It was the worst first four months of the year for the stock market
since the 1970s! No, the 1930s! Can’t we just say it was a really bad
start to the year?
“Bad” might not do it justice. After dropping 3.3% this past week, the
S&P 500 index has fallen 13% during the first four months of the year,
its worst start since 1939. But the Dow Jones Industrial Average,
after falling 2.5% for the week, has slumped 9.2% in 2022, its worst
start since 2020. Not to be outdone, the Nasdaq Composite tumbled 3.9%
during the week, putting it down 17% for the first four months of the
year. That’s its worst start to a year on record going back to 1971.
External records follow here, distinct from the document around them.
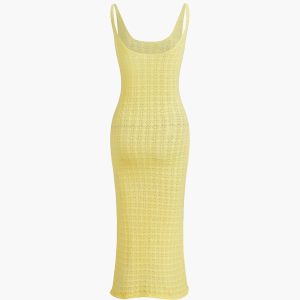 Leisure Pointelle Midi Dress - Y2K Aesthetic Knit Dress for Effortless Coquette Style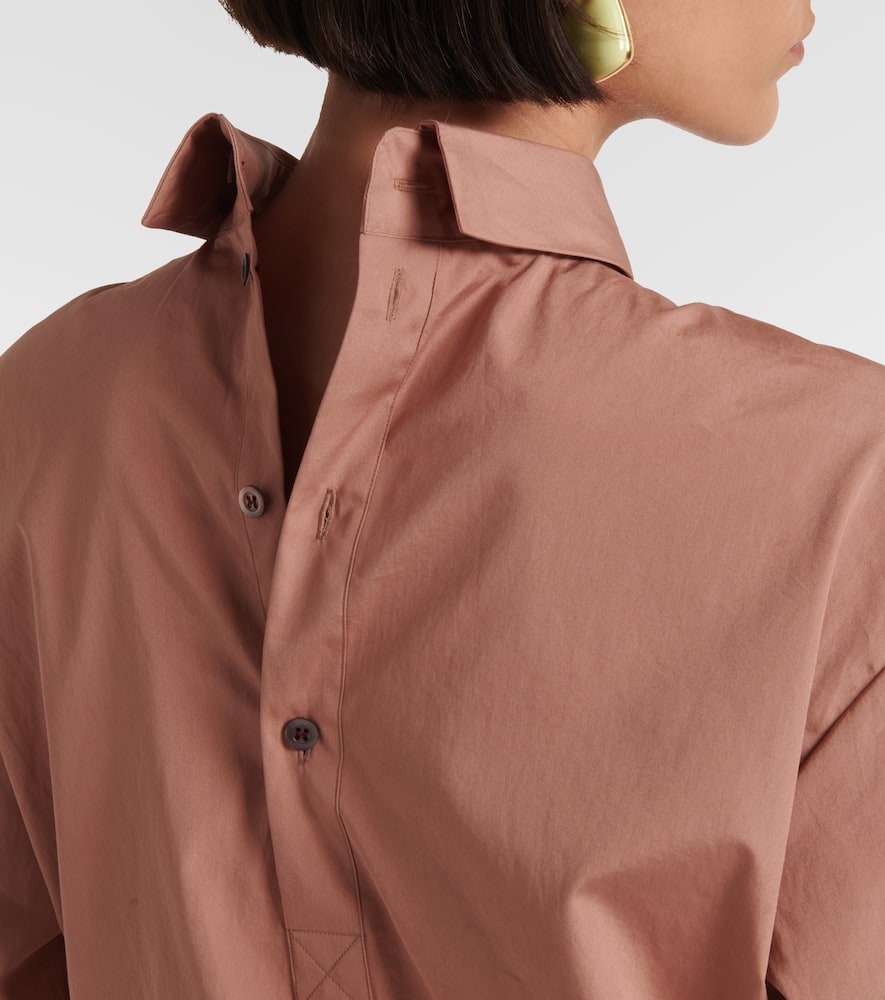 High-neck cotton blouse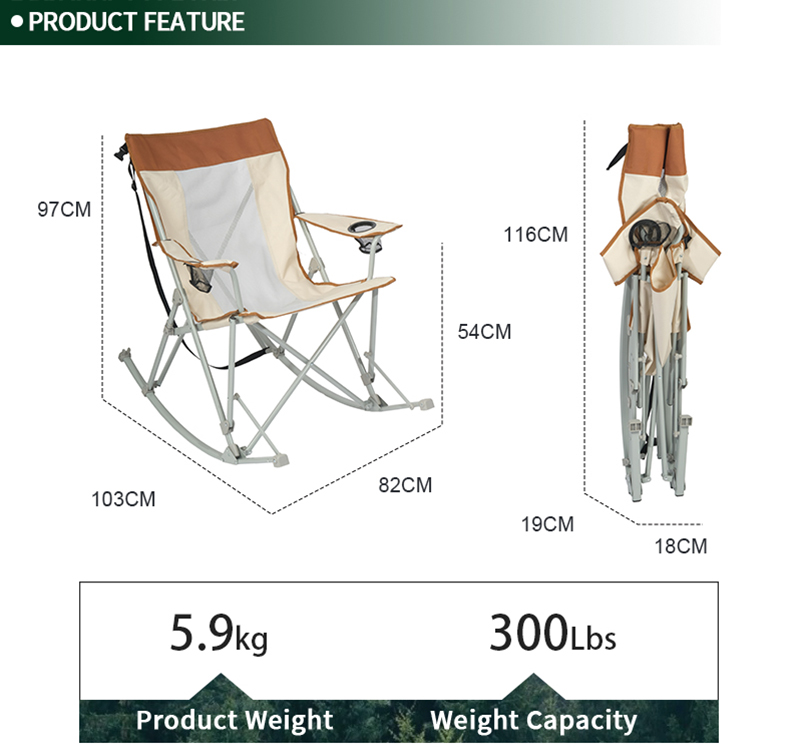 Oversized Mesh Rocking Camping Chair with Armrests, 300LBS Load Capacity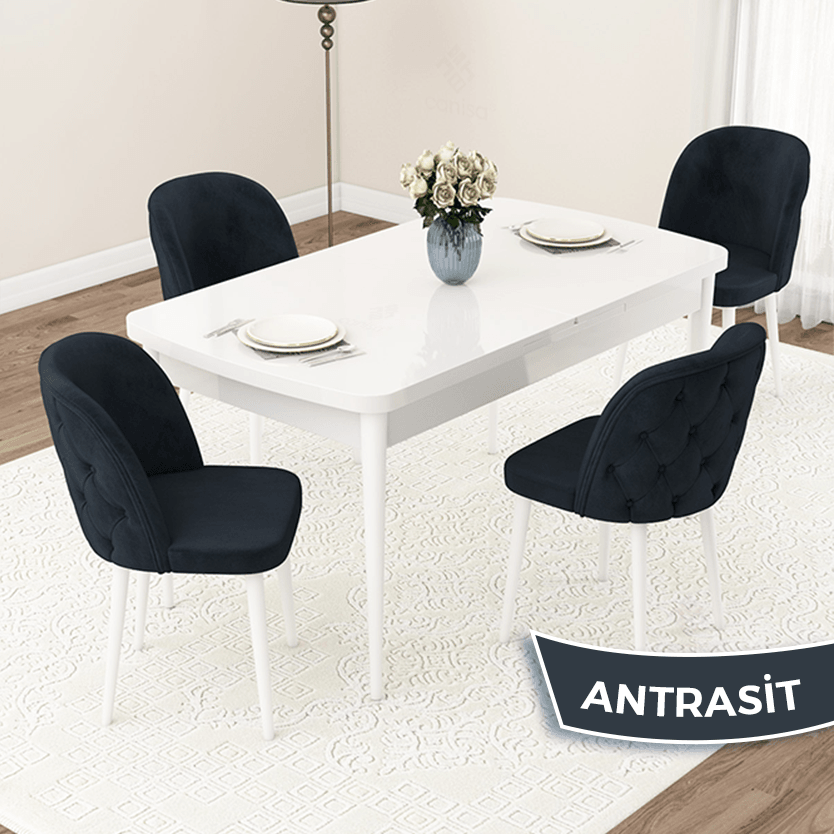 beyaz masa sandalye antrasit
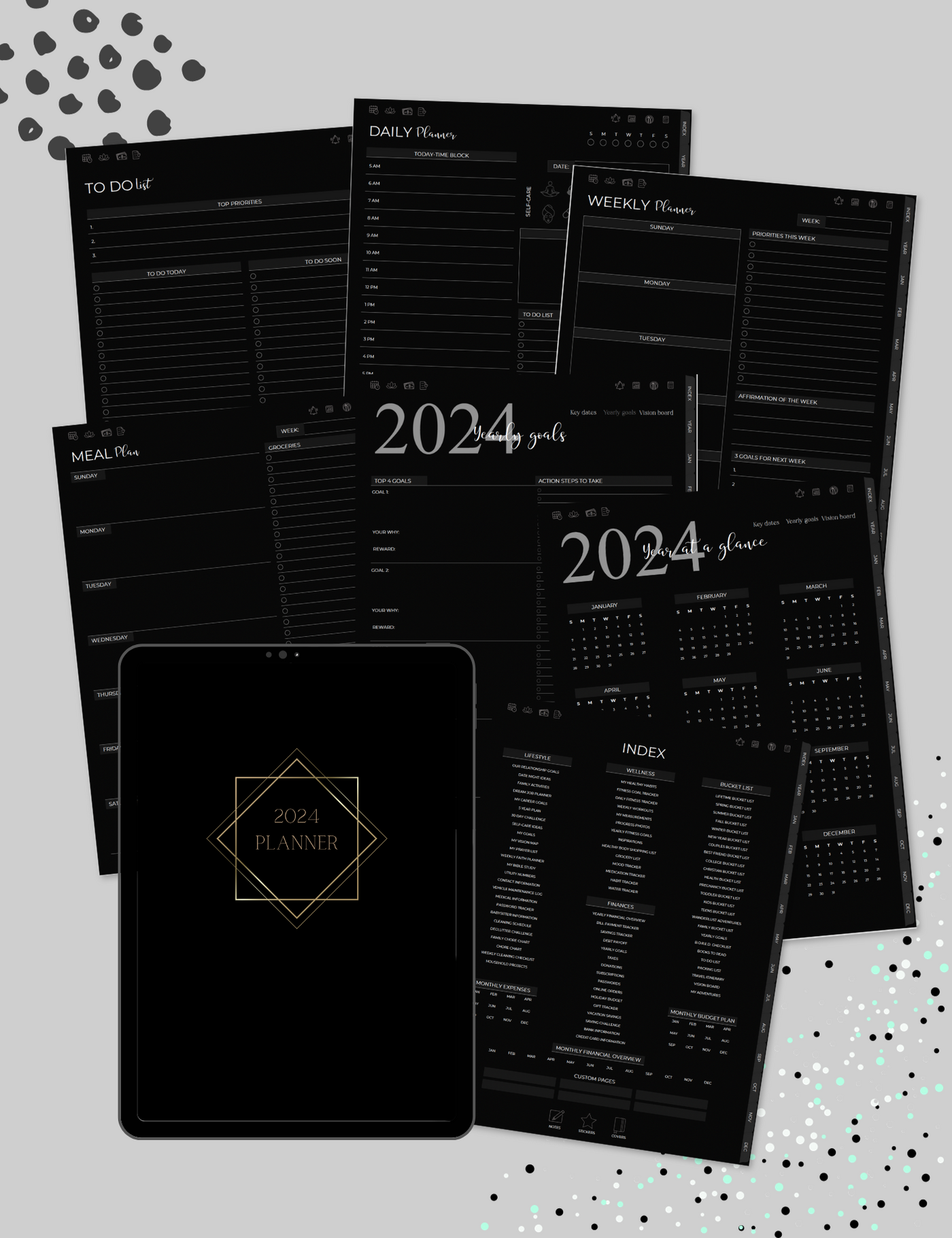 5-in-One Digital Planner Dark Mode (2024 & Undated)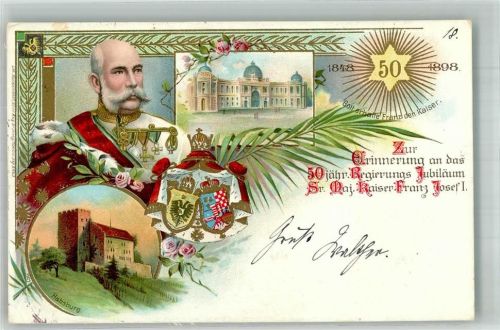 1898 Erinnerung an das 50jähr. Regierungs Jubiläum Wappen Adelskorrespondenz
For a minute, it looked like it would just be the S&P 500’s worst
first four months of the year since 1970. Nobody seems to remember the
’70s as the decade that birthed disco, rap, and punk rock, but only
for inflation. It’s an easy comparison to make given the surge in
consumer prices in the U.S. The Core PCE deflator, the Federal
Reserve’s favorite inflation measure, rose 5.2% year over year in
March, according to data released on Friday, while the first-quarter
employment cost index rose 1.4% from the fourth quarter, the largest
such increase since the data set began.
By the end of trading on Friday, the selloff had gotten worse and we
were staring at the worst start to a year since the Great Depression.
Still, a half-point rate hike seems all but assured on Wednesday, when
the Fed ends its two-day meeting. It “underlines just how late the
Federal Reserve has been to start adjusting monetary policy this
cycle,” writes Michael Shaoul, CEO of Marketfield Asset Management.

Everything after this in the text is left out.